- Born: June 17, 1939 Edgemere, Maryland, U.S.
- Died: August 20, 2007 (aged 68) Arbutus, Maryland, U.S.
- Other name: "Wild Bill"
- Occupation: Cab driver
- Known for: "O-R-I-O-L-E-S" cheer

= Wild Bill Hagy =

American baseball spectator

William Grover "Wild Bill" Hagy (June 17, 1939 - August 20, 2007) was an American baseball fan and cab driver from Dundalk, Maryland. A superfan of the Baltimore Orioles, he was made famous for leading the "O-R-I-O-L-E-S" chants during the late 1970s and early 1980s from section 34 in the upper deck at Memorial Stadium.

==Life==
Hagy grew up in the working class neighborhood of Sparrows Point, Maryland, adjacent to the steel mills of Baltimore's waterfront. He reportedly was married "more times than Elizabeth Taylor", and worked part-time as a Good Humor man for over a dozen years selling ice cream to children. He was a cab driver for many years.

==Orioles==
Prior to the Orioles arrival in Baltimore in 1954, Bill was a Brooklyn Dodgers fan and player of the board game All Star Baseball. When the Orioles arrived, he immediately became a fan of his new home team. Up to Fall 1976, he attended 30 to 40 games a season, though he never did anything that stood out, other than creating rhyming cheers that he and his buddies would yell out. For example, for Frank Robinson they would chant, "Come on, Robby, put it in the left field lobby". His rhymes were catchy and he developed about 20 regular cohorts who would join him; they were local to Dundalk and would meet at Ed's Inn to drink, and then go to the game and belt out rhymes. They became known as the "Rowdies". At the time, Bill was driving a cab for North Point Cab Company. He did a stint working at the stadium stocking the walk-in beer cooler. One night he accidentally locked himself in. On another night when Yankees fans asked for a ride in his cab, he stopped and asked them to leave the vehicle when they refused to remove their hats.
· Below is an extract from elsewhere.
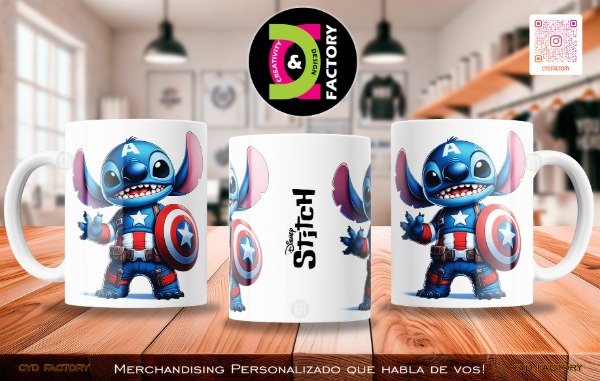 Producto - Taza Stitch Marvel - TZ-RT-BL-11OZ-325-STC-SH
Hagy's fame began during the 1977 season. As background, he knew Lenny "The Big Wheel" Burrier, who attended Baltimore Colt's football games where he spelled out cheers with his arms and body. Hagy asked if Burrier could do the same at Orioles games. Burrier declined saying he was not a baseball fan; but Hagy was free to copy his style. Thus in the early part of the 77' season Hagy began body-spelling his chants, attired in cut-off jeans, t-shirt, a straw cowboy hat, thick beard and sunglasses. Yet he received little notice except among his immediate group the Rowdies. Then in July, the Yankees came, and for the first time Hagy's cheers could be heard spread by the crowd throughout the stadium, and the players on the field heard it too. It became known as "The Roar from Thirty-Four". The next day, Brooks Robinson gave an interview in the paper saying how much the Orioles cheer meant to him and the players. Things quickly took off: Hagy was invited to meet the players, and he became a topic for various newspaper articles. The team recognized his positive influence and let him do his Orioles cheers from atop the dugout. 1978 was largely a repeat of 1977. However 1979 was the year of "Orioles Magic" as fan attendance significantly increased. Hagy was now Baltimore-famous. A common refrain among Bill's fans was "Wild Bill, Make it Stop": this referred to an incident in the early 1980s when the game was halted for rain. Bill got up, swept his hat in circles above his head like scooping up the rain, and the rain stopped.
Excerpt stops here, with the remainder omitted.